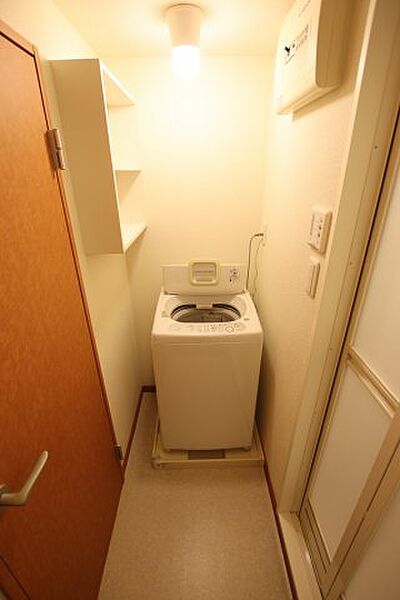 画像13:洗濯機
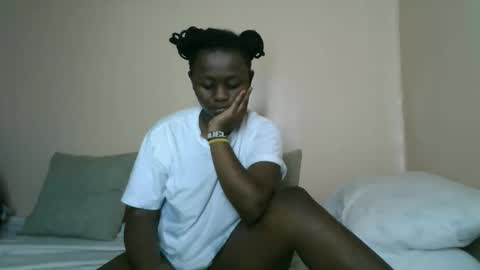 cheeky_charms online show from March 18, 2026, 6:05 am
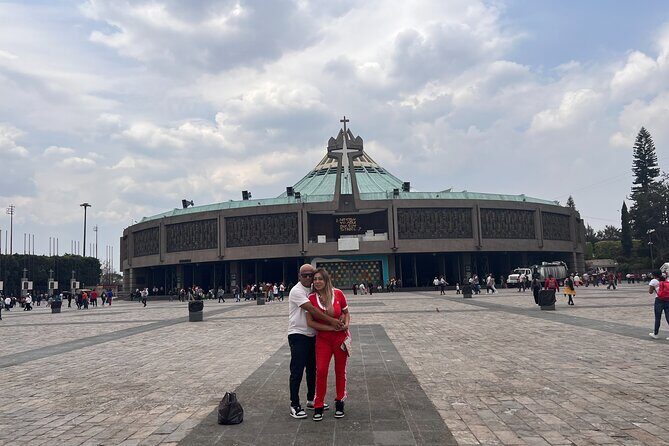 100% private tour in Guadalupe's Basilica with transport - An In-Depth Look at the Guadalupe’s Basilica Private Tour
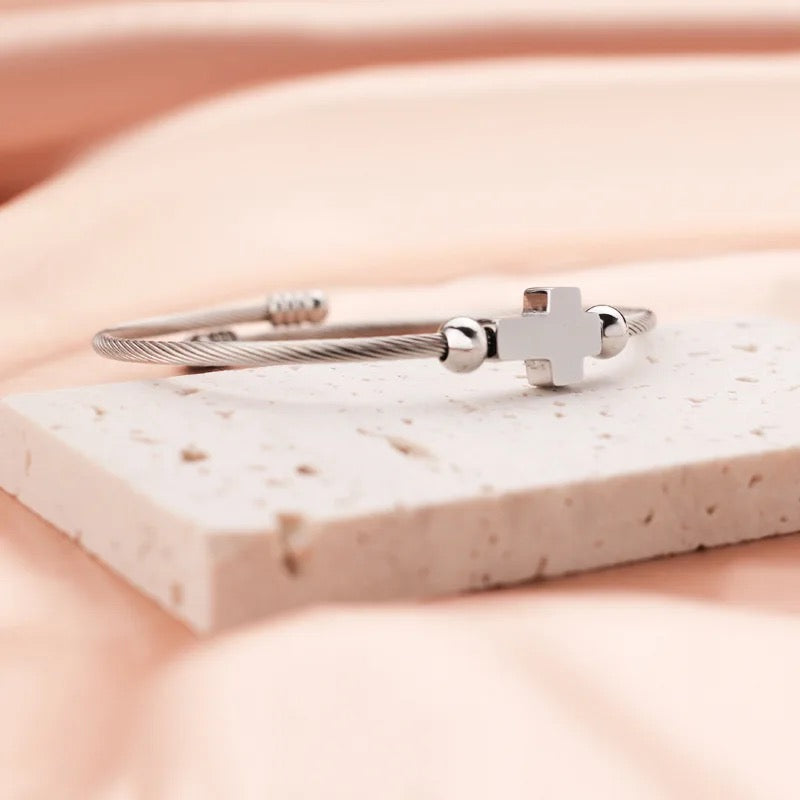 Lady’s New Wire Cross Bracelet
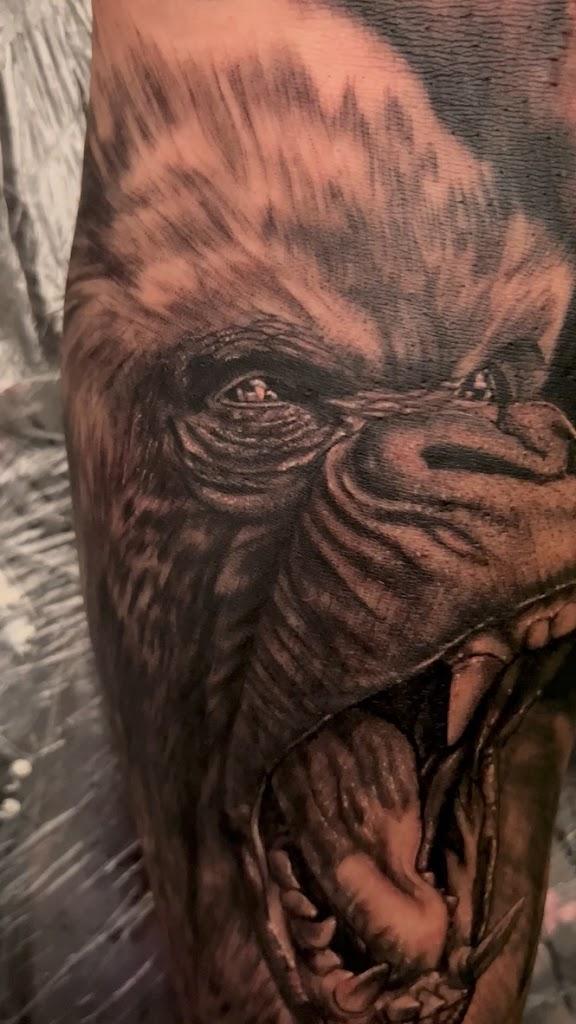 Calaveras tattoo studio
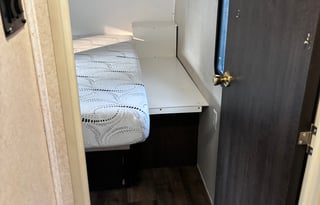 Pickup or delivery opposing slide Wildwood 27 REI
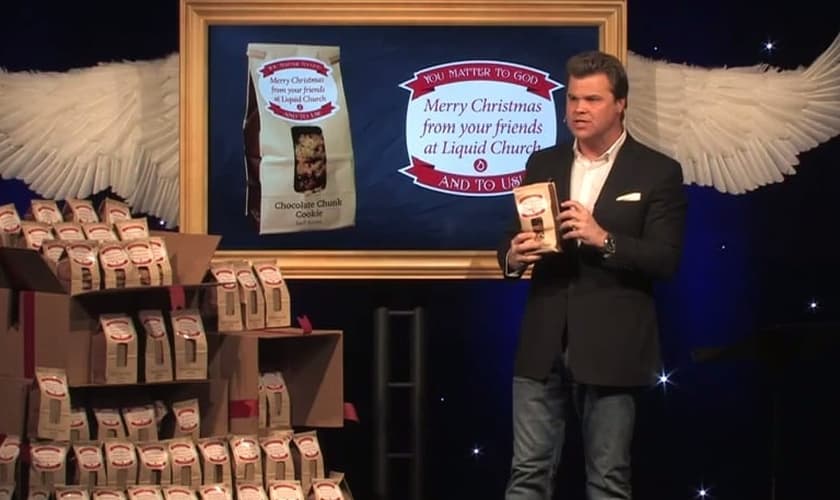 Igreja promove "Flash Mob Espiritual" e distribui vales-alimentação para trabalhadores na véspera do Natal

_ _ _ _ _ _ _

Every line from the top of the entries through the line that holds "Calaveras tattoo studio" is to be quoted exactly, please, and nothing else; omit the pictures.

 画像13:洗濯機
 cheeky_charms online show from March 18, 2026, 6:05 am
 100% private tour in Guadalupe's Basilica with transport - An In-Depth Look at the Guadalupe’s Basilica Private Tour
 Lady’s New Wire Cross Bracelet
 Calaveras tattoo studio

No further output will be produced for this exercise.